Oklahoma gained statehood in
November 1907. Ironically, Howard Zinn reminds us that, as late as
1914, the Socialist Party in the newly admitted state of Oklahoma had
12,000 members - more than New York state - and it elected over 100
socialists to office including six members of the Oklahoma state
legislature. Many of these socialists were the children of the German
emigrees who had settled in the vicinity of the Oklahoma territory after
the European "Revolutions" of 1848. Today, by contrast, Oklahoma, is a
solidly "red state" where even the most tepid reform Democrats are often
excoriated as dangerous radicals.
Over time, the descendants
of these immigrants have eschewed their ancestors' radicalism and
Oklahoma has now become profoundly reactionary state. Although the state
voted Democratic in all but two presidential elections through 1948, it
has not voted for a Democrat since, with the sole exception of Lyndon
Johnson's lopsided victory over Barry Goldwater in 1964.
The lore of its frontier beginnings and the "rugged individualism" that
this mythology of the Wild West perpetuates has instilled among
Oklahomans the same kind of false consciousness that Thomas Frank
describes in What's The Matter With Kansas? Jonathan Schwartz in today's edition of The New York Times
("Why No Safe Room to Run To? Cost and Culture of the Plains"),
describes the uniform lack of requirements across the state for
below-ground storm shelters in houses, schools and businesses, despite
the increasing prevalence of deadly tornados.

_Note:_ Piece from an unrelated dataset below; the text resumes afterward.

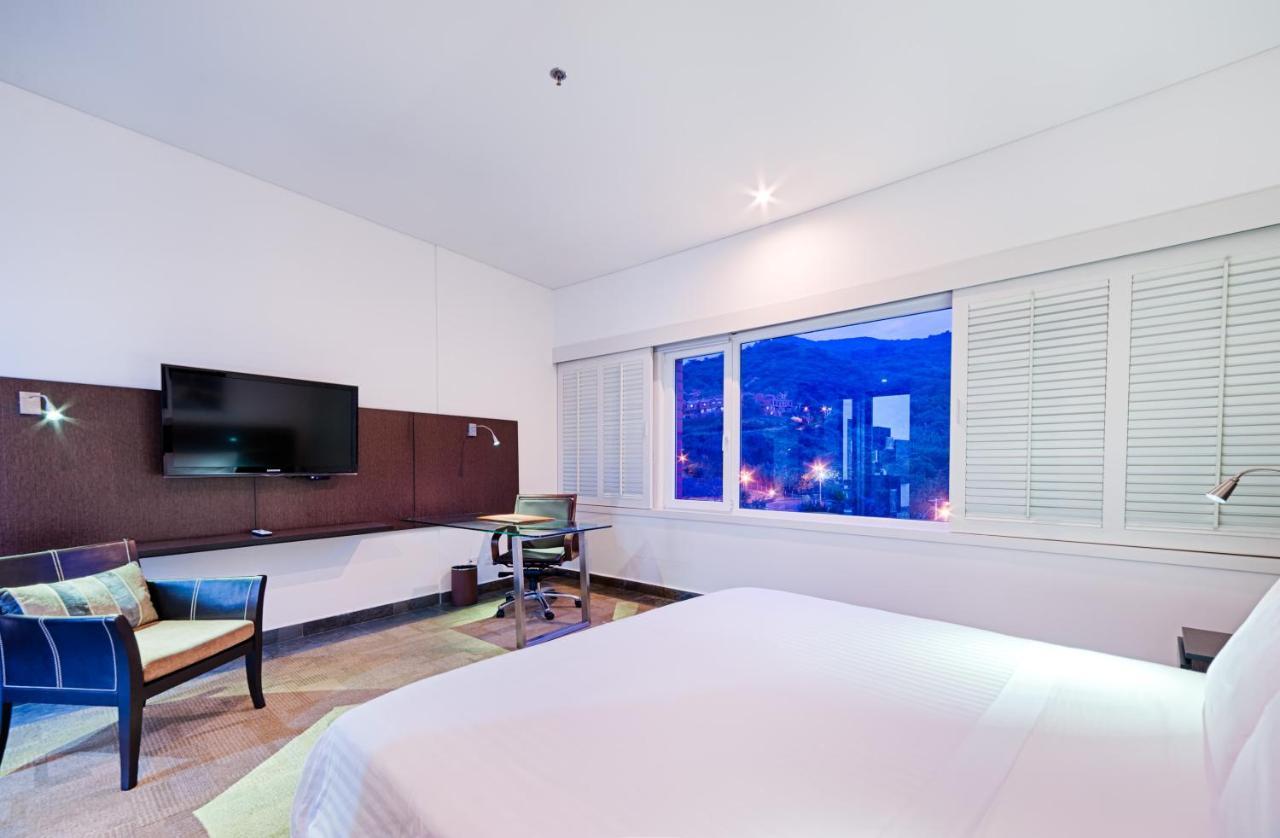 Luxury King Room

Senators Inhofe and Coburn have successfully built their political careers upon their shameless but uncanny ability to recognize that a majority of Oklahomans are focused only on short-term, immediate needs and will, as a result, regularly ignore their long-term best interests, including the need for sensible public regulation. Their voting records show that, while they have ill-served the real needs of their constituents, neither Inhofe nor Coburn have ever met a special interest that they can't support. At the same time, they have enthusiastically pandered to the anti-government hysteria that now enthralls the GOP.

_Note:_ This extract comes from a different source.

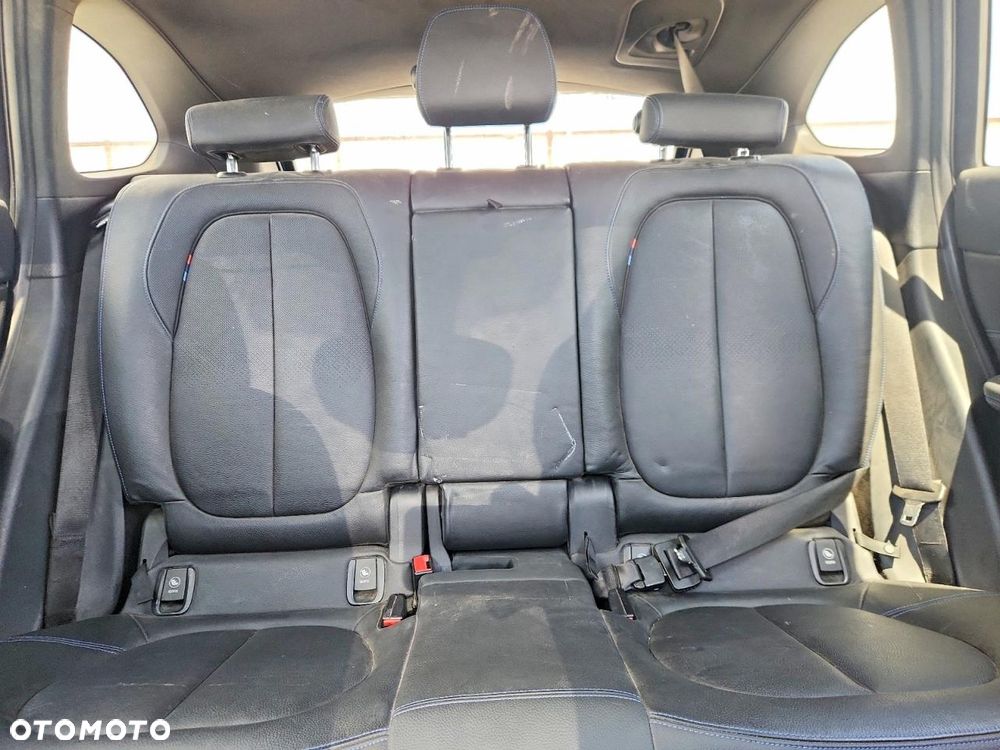 BMW X1 xDrive25i M Sport sport - 9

Petulance and bad bile are never prescriptions for courageous or successful leaders; rather are they are hallmarks of demagogues who threaten the very foundations of democracy. If President Obama were as petty and small-minded as Senators Inhofe and Coburn, he could have chosen to delay the declaration of a disaster that he promptly issued or, in giving the state and its elected leadership a dose their own red state rhetoric, he could have declared that Oklahoma was officially "on its own."
President Obama, because he owes a responsibility to all Americans, acted with dignity, compassion and empathy. For that action, he will be applauded by everyone who understands that America will never fulfill its promise until every elected official recognizes and acknowledges that government is not the enemy and that, in a vibrant democracy, it must serve as the agent to promote the public interest on behalf of all citizens. This duty is especially imperative because the political voices of so many have been muted as a result of the increasing volume of noise generated by special, monied interests with their armies of well-paid lobbyists and their enormous, tax deductible advertising budgets.